Rabe also stars in the film (Linklater adapts the script; they both produced), which partially explains why the duo opted to turn Klosterman’s three-hander into a more singularly focused feature, orienting the majority of the story around Rabe’s new-in-town Julia in the months leading up to the January blizzard.
It’s a tricky ask: As thrilling as Rabe’s performance eventually becomes, the choice to focus mostly on Julia’s experience and perspective removes much of our investment in Horace (Ed Harris) and Mitch (August Blanco Rosenstein), who were given equal weight in Klosterman’s novel. Still, Rabe’s work here, as a messy, “unlikeable,” and deeply flawed character, is the best part of the film, an anti-hero worth, well, if not cheering for, at least watching with full concentration.
Even those unfamiliar with the film’s source material will know how it ends, as Linklater and Rabe open the film with a brief look at the January 1984 blizzard that swoops through Owl, forever impacting the three key characters. Soon, we’re flashing back to September when Julia rolled into Owl, an outsider about to be steeped in this particular brand of small-town life. She’s taken a teaching job at the local high school to get her away from her unseen husband, first chalking up the short-term assignment to work pressures, later making it plain that their relationship is practically dead, and when she’s not drinking herself silly at one of the town’s local bars, she’s showing up hungover and out of it in her history classes.

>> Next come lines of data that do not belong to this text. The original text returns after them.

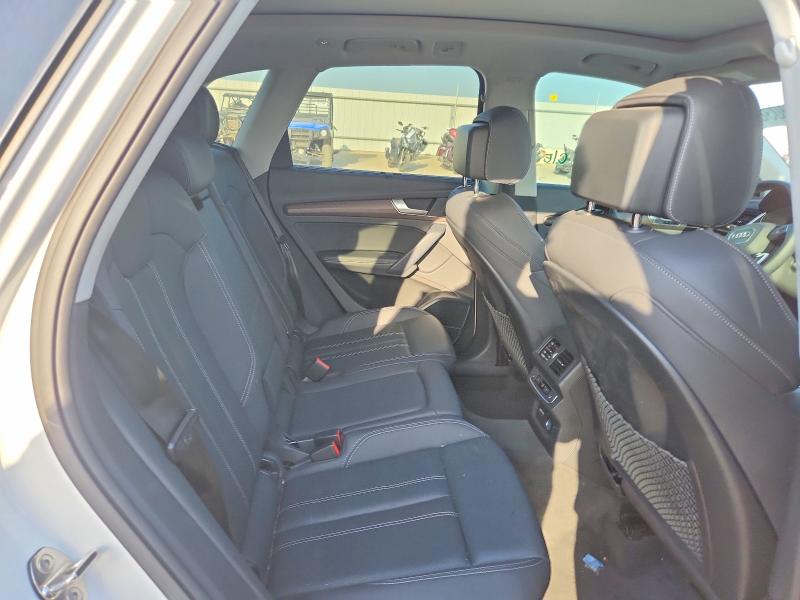 61063036 :رقم المزاد ، WA1FAAFYXN2055040 vin ، 2022 Audi Q5 مزاد بيع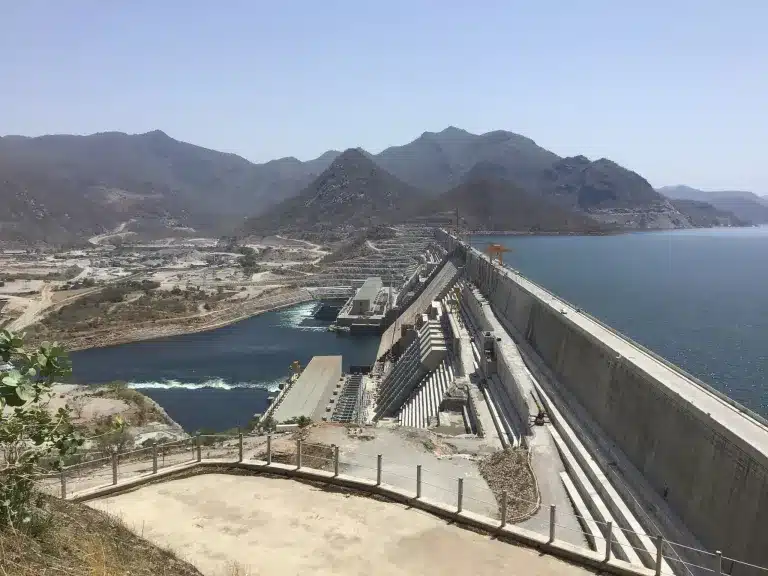 منظر عام لسد النهضة مكتمل تقريبًا مع التوربينات الكهرومائية.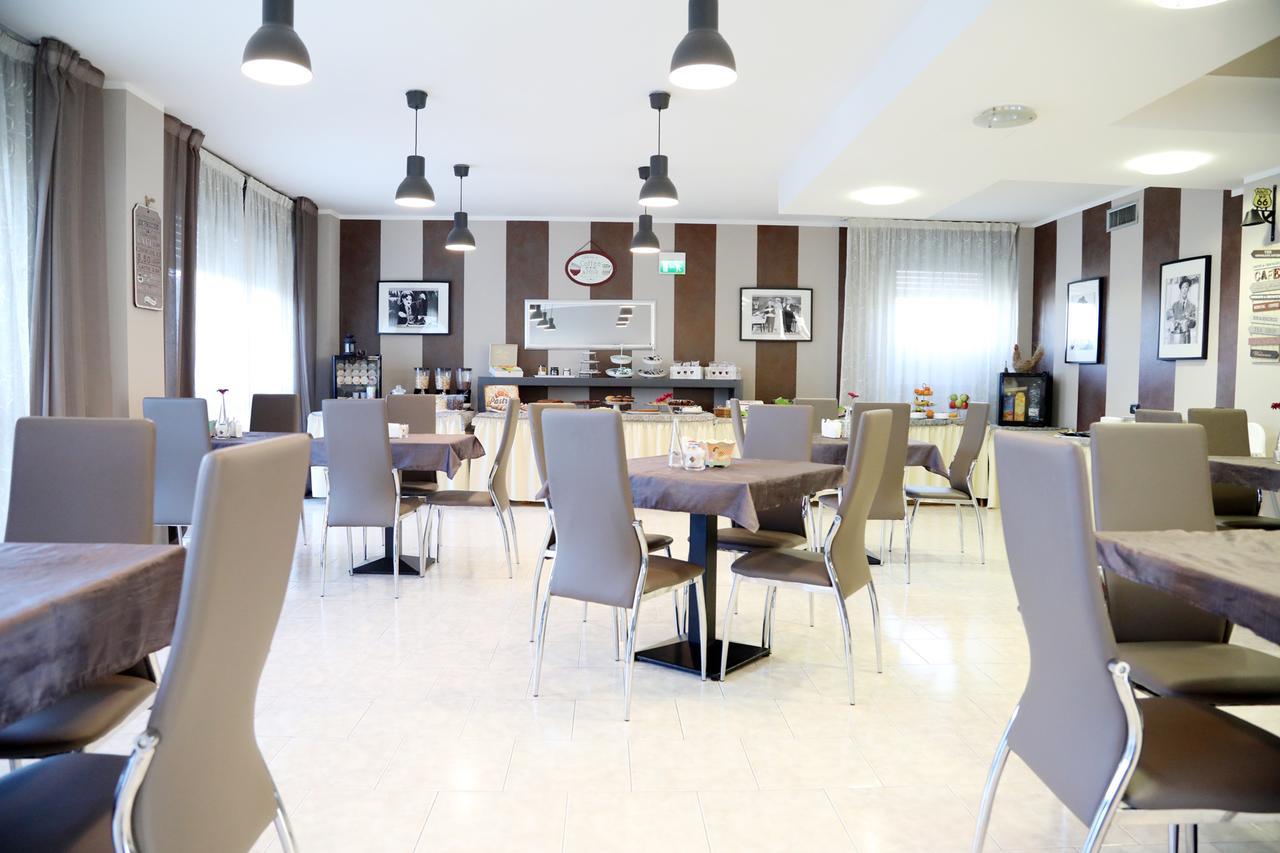 Hotel Fidenza Luaran gambar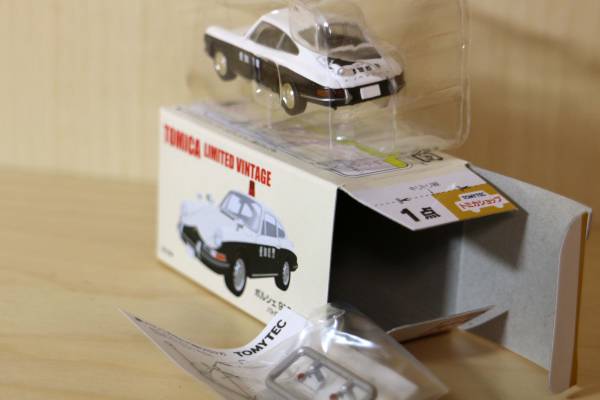1⁄64 トミカリミテッドヴィンテージ ポルシェ 912 パトロールカー 愛知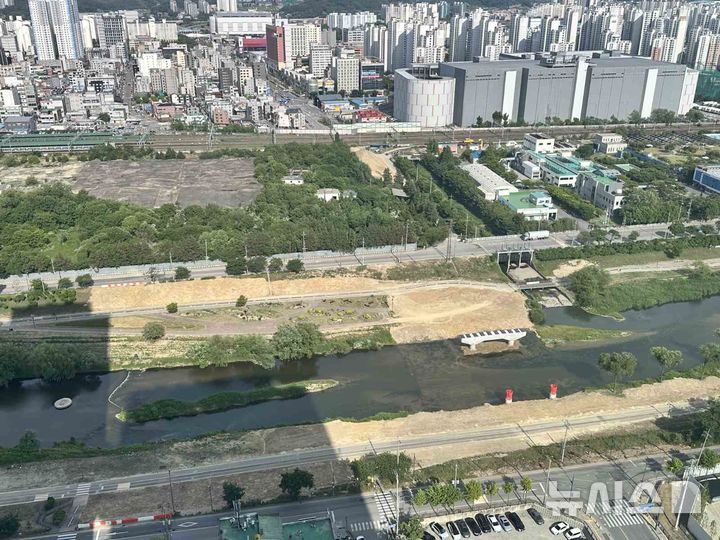 [오산=뉴시스] 오산천 경부선 철도 횡단도로 공사구간 전경 (사진=오산시 제공) 2026.08.20.photo@newsis.com 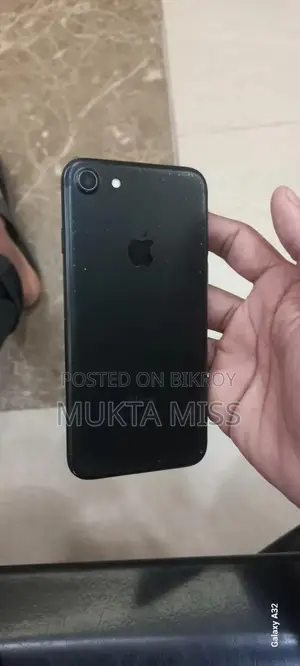 Apple iPhone 7 32 GB Black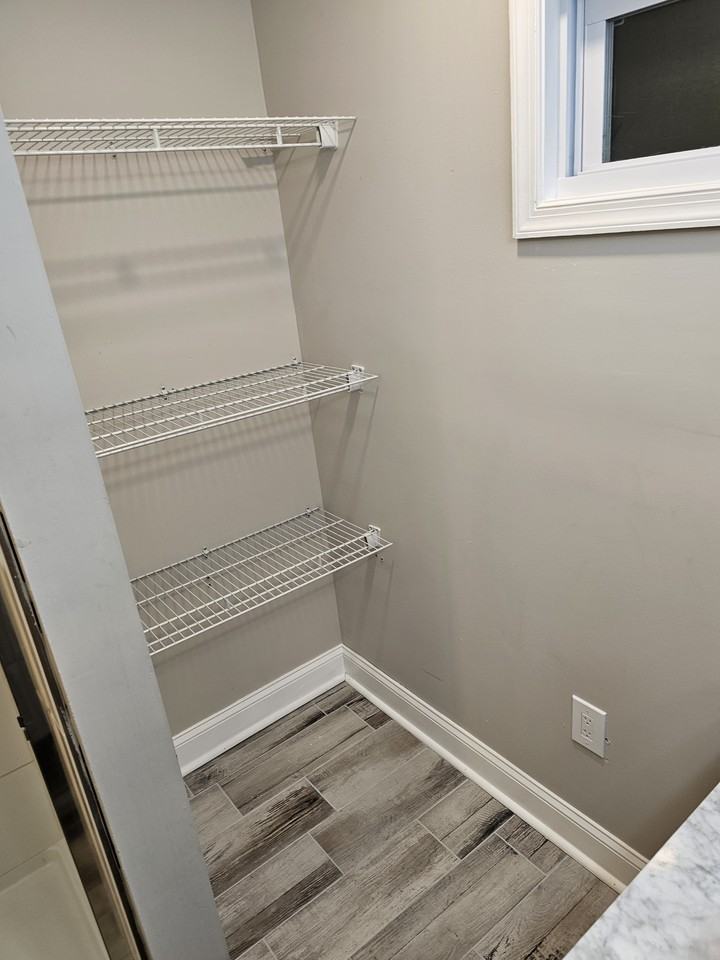 8438 Maryland Rd - Photo 3 of 20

Linklater and Rabe lean on some messy affectations to get their story rolling, including everything from the cute (an unnecessary animated sequence that introduces the town) to the ridiculous (Rabe gliding along the high school hallway in a bizarre double dolly shot; constant use of a fisheye lens in wide shots) to the actually quite good (introductions to Julia’s students, including Mitch, that reveal some serious truths in a winking fashion). Mostly, it just takes a while to settle into itself, to get into a compelling and sensical groove.
Then again, that’s also Julia’s experience as she attempts to get hip to Owl life in fits and starts. She’s deluged with new friends and foes, like Vanessa Hudgens as fellow teacher Naomi (an almost unbearably shrill and one-note role that the actress occasionally finds real sparks in), Finn Wittrock as a smooth-talking coach with a secret, Harris as the welcoming older gent Horace, and Henry Golding as former Owl football star Vance Druid. As Julia gets to know the shape of Owl, so too do we — and it’s not always pleasing, as Linklater and Rabe peel off the layers of this particular town with both relish and discomfort. If that sounds awkward, it is.

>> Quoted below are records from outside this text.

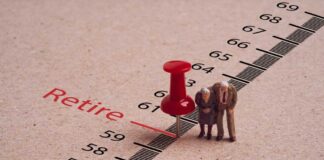 Miniature elderly figures by retire pin marker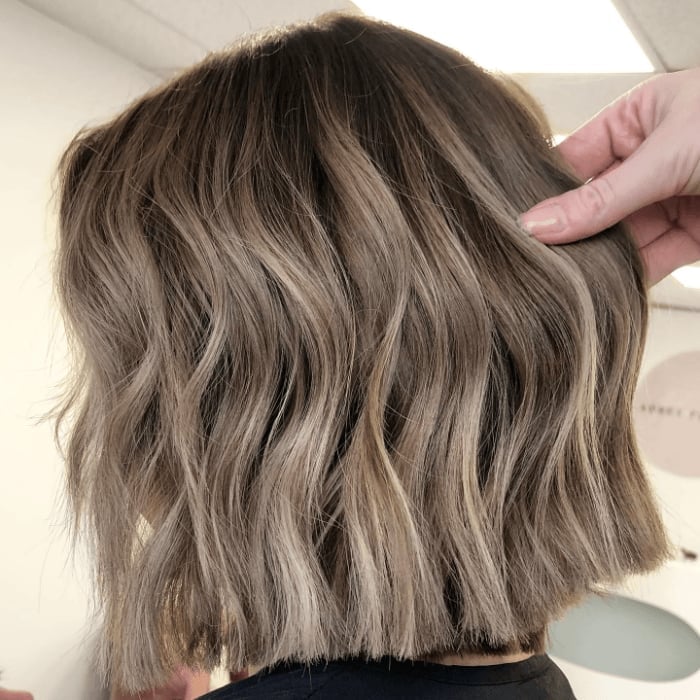 Chin Blunt Bob With Ash Blonde Balayage, Middle — Balayage Short Hair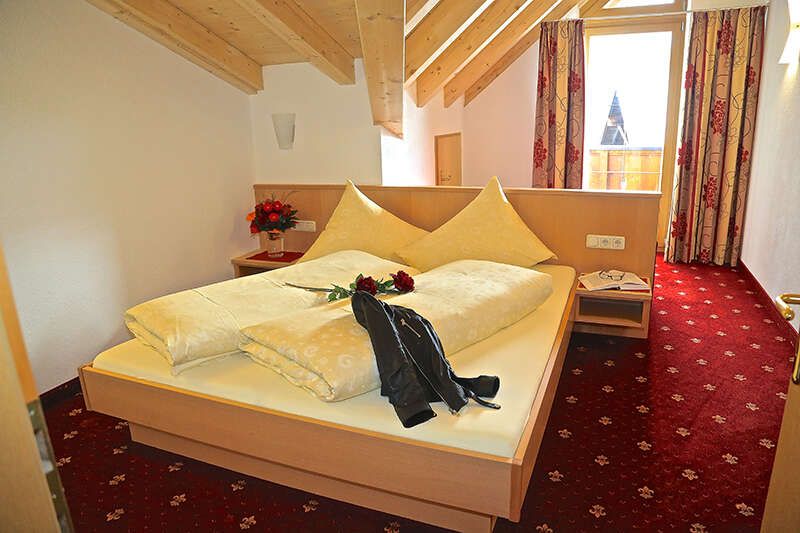 Schlafzimmer im Appartement Sattelkopf am Haflingerhof in Fiss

Julia remains the cracked lens through which we view all of this, an unreliable narrator with a skewed sense of, well, just about everything. The kind Horace provides a respite for the addled Julia, heaping on her both home-cooked meals and home-baked gossip, all the better to obscure what’s really happening with his own life. Julia’s sense of propriety is so warped that she can’t recognize how nefarious Coach Laidlaw (Wittrock) really is, nor how his various misdeeds have impacted a close group of sensitive students (including Rosenstein, Jack Dylan Grazer, and Arianna Jaffier). And she sure as hell can’t come to grips with the blooming obsession she feels for Vance, which reduces her to drunk hysterics on the regular. (Late in the film, as Julia sobs that she feels like she’s not done with her 20s — despite pushing 40 — it feels like one of many keys to the story that are dangled and then snatched away.)
In short (and in very reductive terms), no one in Owl is well, and the looming blizzard is only the next disaster to befall them. How Linklater and Rabe handle that dark truth can be puzzling, leaning on some characters and situations while leaving others to wither, never quite acknowledging the darkness that plagues this place, and ultimately moving toward a wholly unearned conclusion. Klosterman’s vision of this tiny, insulated world was never this neat and tidy, a lesson that has not translated to its cinematic companion. It’s a slice of life, surely, but a meager one at that.
“Downtown Owl” premiered at the 2023 Tribeca Film Festival. Sony will release it at a later date.